§ **What is expected**
Copy exactly, and copy only, the lines from the one bearing "Blaupunkt LED лампа" through the final line of the records.

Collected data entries
<<<<

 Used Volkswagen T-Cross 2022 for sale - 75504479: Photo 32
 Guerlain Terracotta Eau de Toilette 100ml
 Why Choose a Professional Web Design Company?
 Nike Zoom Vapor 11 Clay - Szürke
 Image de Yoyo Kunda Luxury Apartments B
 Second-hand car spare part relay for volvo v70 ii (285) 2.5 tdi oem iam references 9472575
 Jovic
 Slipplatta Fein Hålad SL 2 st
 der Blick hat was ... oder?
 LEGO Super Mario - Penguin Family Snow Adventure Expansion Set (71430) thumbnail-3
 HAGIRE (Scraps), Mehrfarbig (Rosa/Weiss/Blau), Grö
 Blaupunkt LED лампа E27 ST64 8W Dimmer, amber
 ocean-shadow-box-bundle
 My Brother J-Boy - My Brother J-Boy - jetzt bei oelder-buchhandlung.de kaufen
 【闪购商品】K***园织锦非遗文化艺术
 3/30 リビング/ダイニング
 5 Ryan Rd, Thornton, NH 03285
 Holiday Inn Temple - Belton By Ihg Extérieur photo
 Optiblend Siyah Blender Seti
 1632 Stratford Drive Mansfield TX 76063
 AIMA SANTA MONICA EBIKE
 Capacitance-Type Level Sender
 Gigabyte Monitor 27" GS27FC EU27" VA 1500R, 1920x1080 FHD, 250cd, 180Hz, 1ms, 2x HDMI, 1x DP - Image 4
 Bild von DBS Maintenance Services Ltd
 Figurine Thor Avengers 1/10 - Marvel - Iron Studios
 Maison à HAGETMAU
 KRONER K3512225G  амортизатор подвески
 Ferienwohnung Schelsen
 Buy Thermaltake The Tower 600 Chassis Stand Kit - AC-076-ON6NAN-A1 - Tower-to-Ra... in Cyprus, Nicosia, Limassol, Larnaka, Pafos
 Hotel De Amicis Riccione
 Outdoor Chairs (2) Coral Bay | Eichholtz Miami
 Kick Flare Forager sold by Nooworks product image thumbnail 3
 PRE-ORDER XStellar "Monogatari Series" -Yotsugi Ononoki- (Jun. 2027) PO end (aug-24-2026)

>>>>

§ **The completed task**
 Blaupunkt LED лампа E27 ST64 8W Dimmer, amber
 ocean-shadow-box-bundle
 My Brother J-Boy - My Brother J-Boy - jetzt bei oelder-buchhandlung.de kaufen
 【闪购商品】K***园织锦非遗文化艺术
 3/30 リビング/ダイニング
 5 Ryan Rd, Thornton, NH 03285
 Holiday Inn Temple - Belton By Ihg Extérieur photo
 Optiblend Siyah Blender Seti
 1632 Stratford Drive Mansfield TX 76063
 AIMA SANTA MONICA EBIKE
 Capacitance-Type Level Sender
 Gigabyte Monitor 27" GS27FC EU27" VA 1500R, 1920x1080 FHD, 250cd, 180Hz, 1ms, 2x HDMI, 1x DP - Image 4
 Bild von DBS Maintenance Services Ltd
 Figurine Thor Avengers 1/10 - Marvel - Iron Studios
 Maison à HAGETMAU
 KRONER K3512225G  амортизатор подвески
 Ferienwohnung Schelsen
 Buy Thermaltake The Tower 600 Chassis Stand Kit - AC-076-ON6NAN-A1 - Tower-to-Ra... in Cyprus, Nicosia, Limassol, Larnaka, Pafos
 Hotel De Amicis Riccione
 Outdoor Chairs (2) Coral Bay | Eichholtz Miami
 Kick Flare Forager sold by Nooworks product image thumbnail 3
 PRE-ORDER XStellar "Monogatari Series" -Yotsugi Ononoki- (Jun. 2027) PO end (aug-24-2026)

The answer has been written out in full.